Excerpts from a dataset:
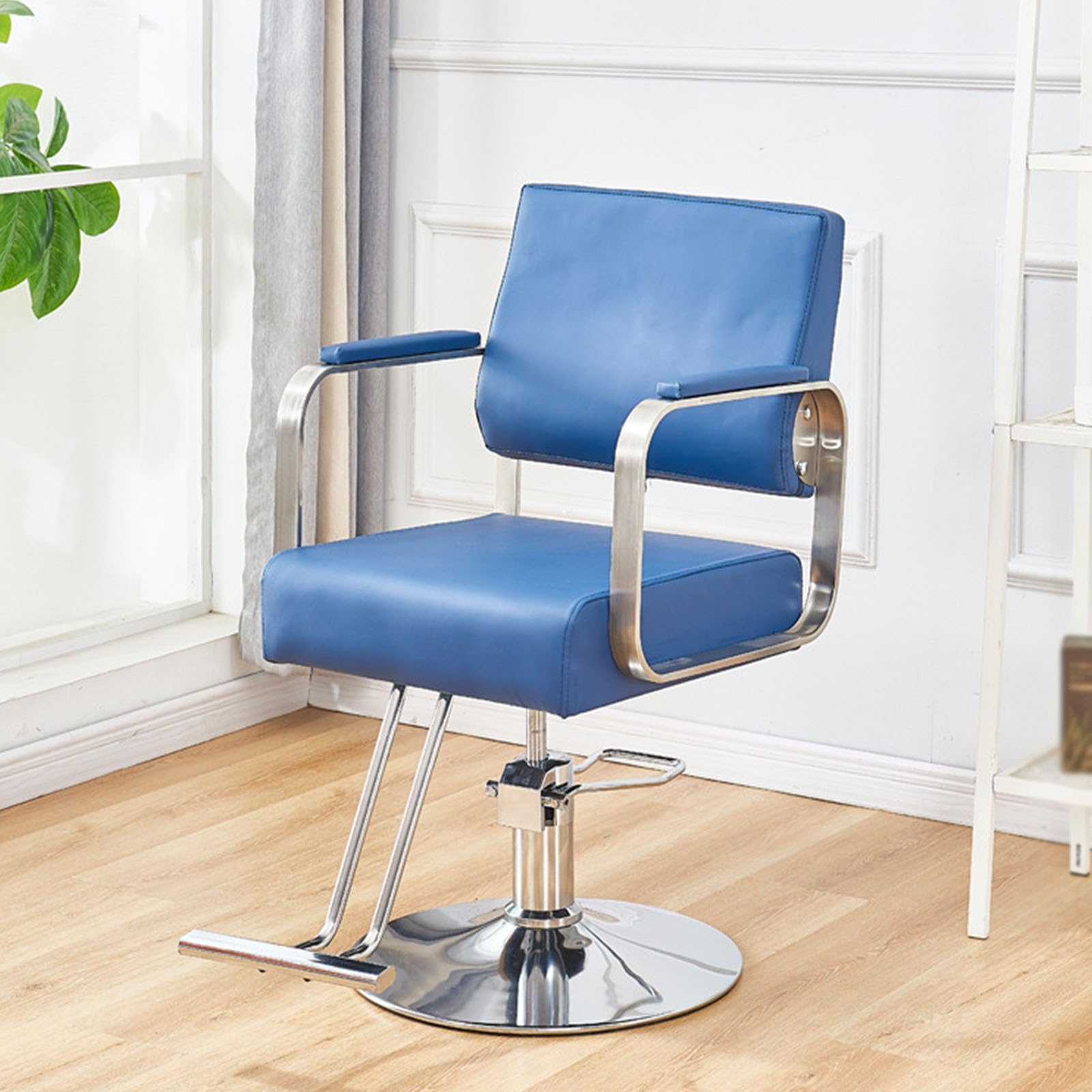 OZBMA Salon Chair - Professional Hydraulic Barber Chair, Height Adjustable for Shampooing, Comfortable Seating Hair Salons and Barbershops (Blue Round)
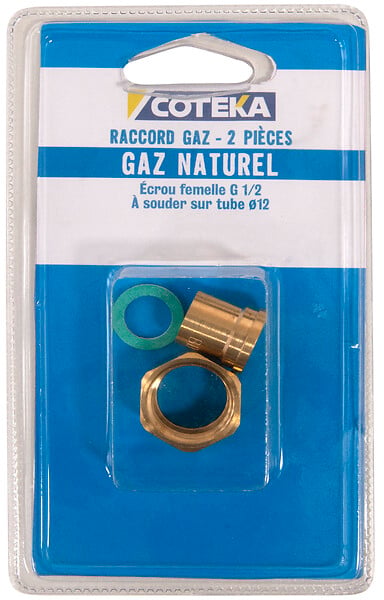 COTEKA - Raccord gaz naturel diamètre 10x12mm - large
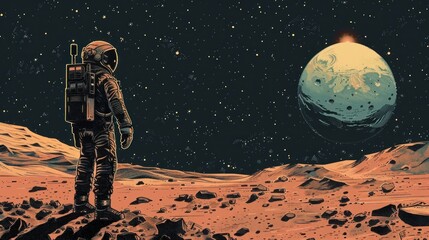 Wall Mural - a man in a spacesuit stands on a rocky surface looking up at a large planet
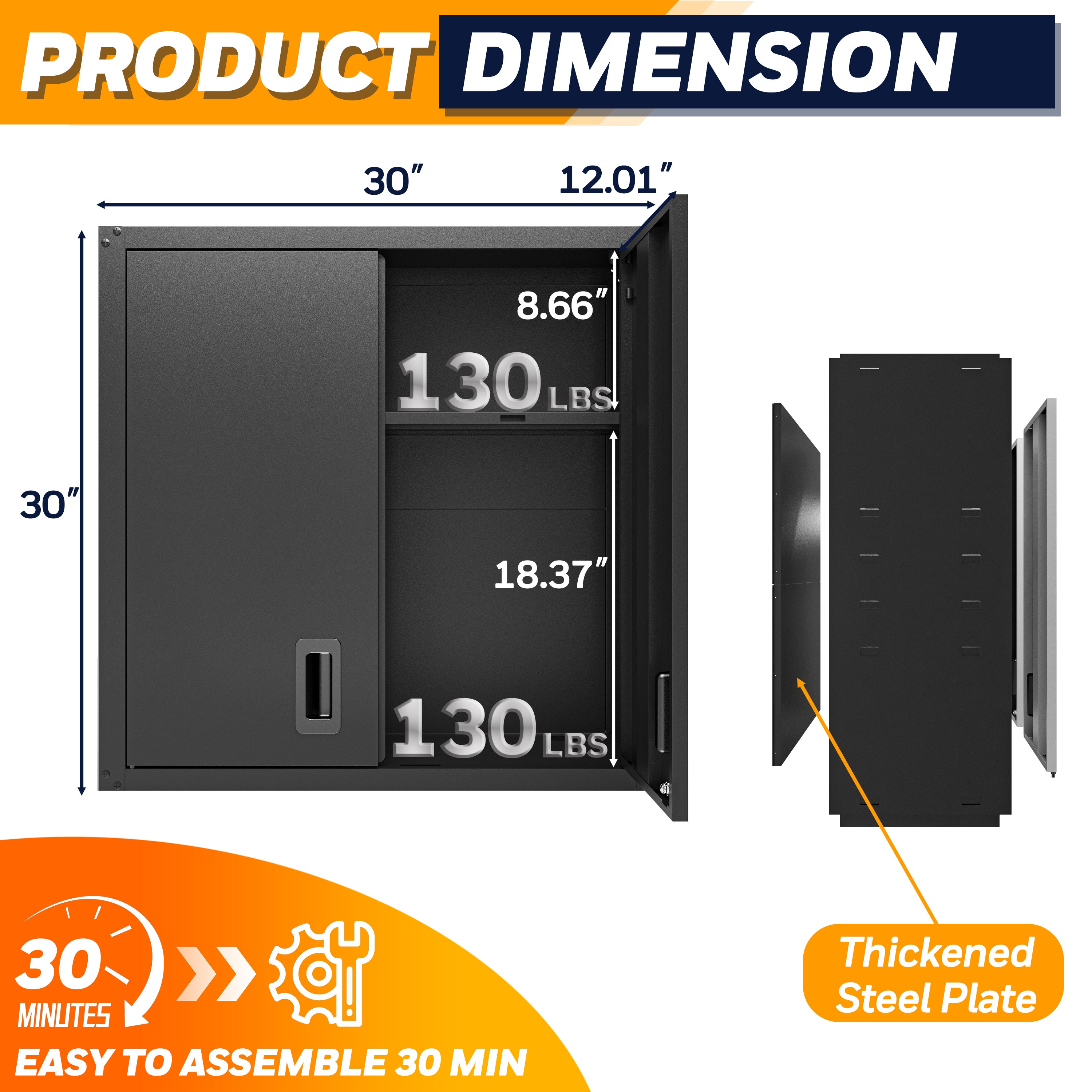 Garage Wall Mounted Storage Cabinet with Two Doors and One Shelf Lockable Metal Wall Cabinet Hanging Tool Cabinet for Garage Utility Room
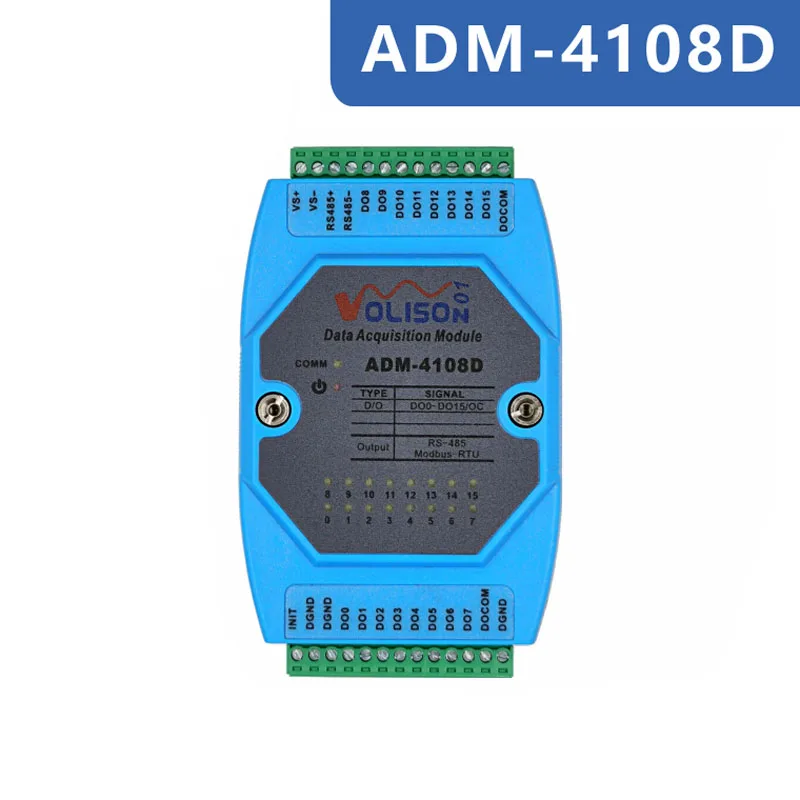 Módulo de Salida de interruptor Digital de 16 canales, salida de transistor NPN 16DO, MODBUS, Comunicación RS485, ADM-4108D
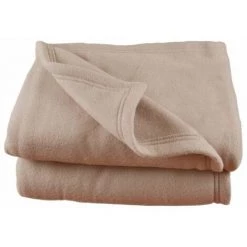POYET MOTTE Couverture Polaire 180 X 220 Cm Sable - Beige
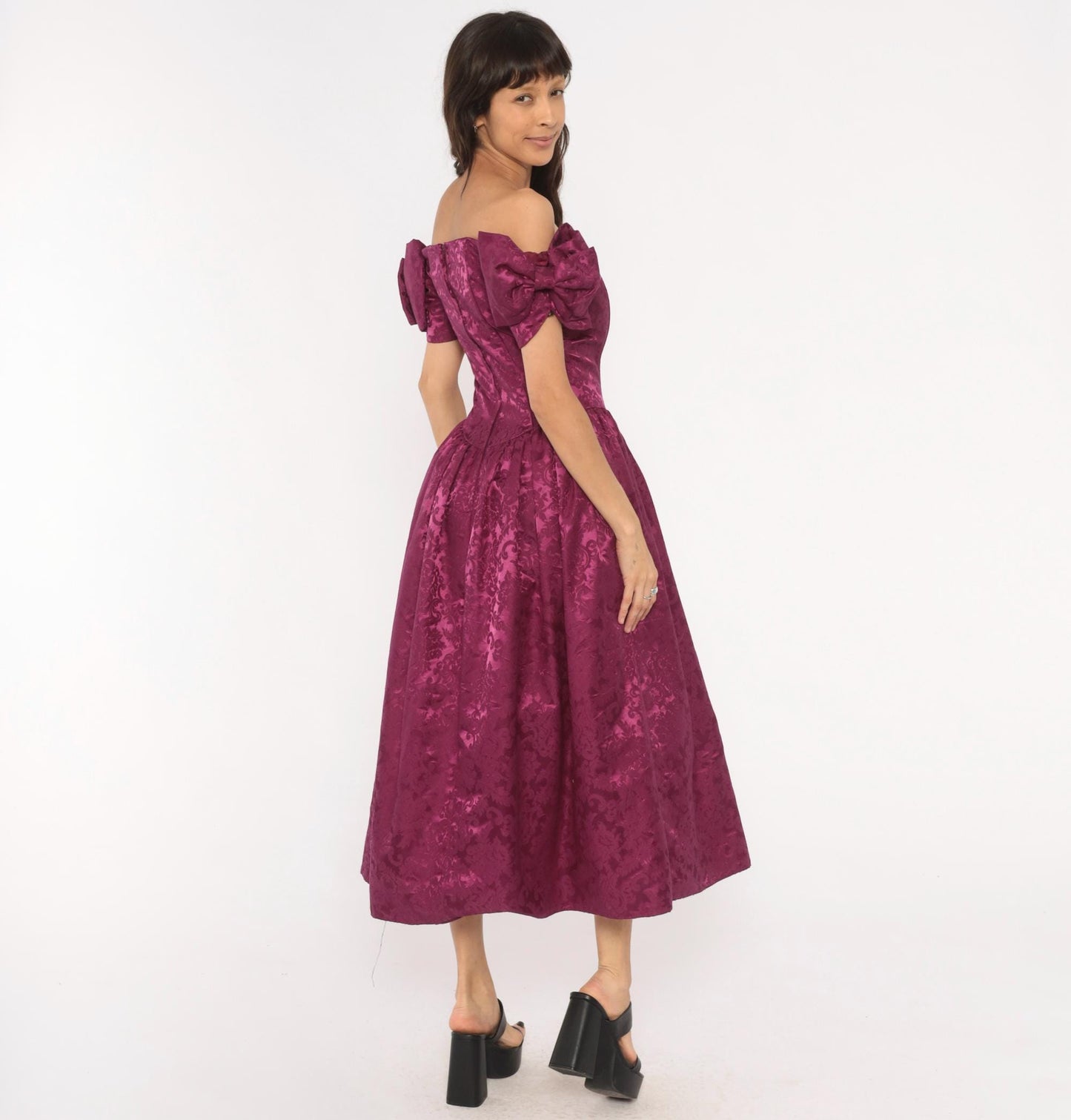 Jessica McClintock 80s Plum Brocade Puff Sleeve Gown Small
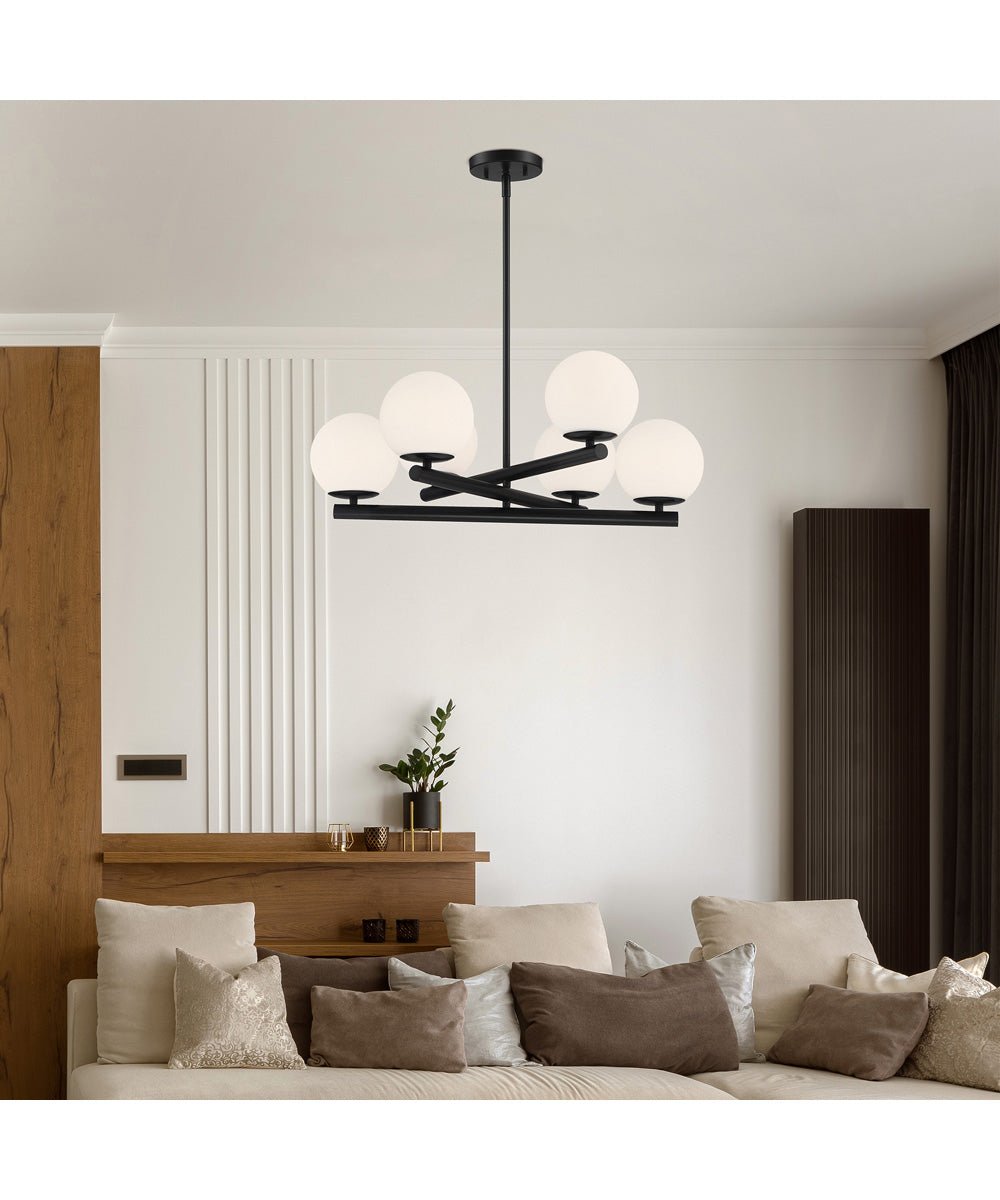 Saida Opal Globe Black Horizontal Chandelier – image 2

How to complete this task: Any pictures above are to be left out. Retype the rest of the records exactly.

Exercise solution:
 OZBMA Salon Chair - Professional Hydraulic Barber Chair, Height Adjustable for Shampooing, Comfortable Seating Hair Salons and Barbershops (Blue Round)
 COTEKA - Raccord gaz naturel diamètre 10x12mm - large
 Wall Mural - a man in a spacesuit stands on a rocky surface looking up at a large planet
 Garage Wall Mounted Storage Cabinet with Two Doors and One Shelf Lockable Metal Wall Cabinet Hanging Tool Cabinet for Garage Utility Room
 Módulo de Salida de interruptor Digital de 16 canales, salida de transistor NPN 16DO, MODBUS, Comunicación RS485, ADM-4108D
POYET MOTTE Couverture Polaire 180 X 220 Cm Sable - Beige
 Jessica McClintock 80s Plum Brocade Puff Sleeve Gown Small
 Saida Opal Globe Black Horizontal Chandelier – image 2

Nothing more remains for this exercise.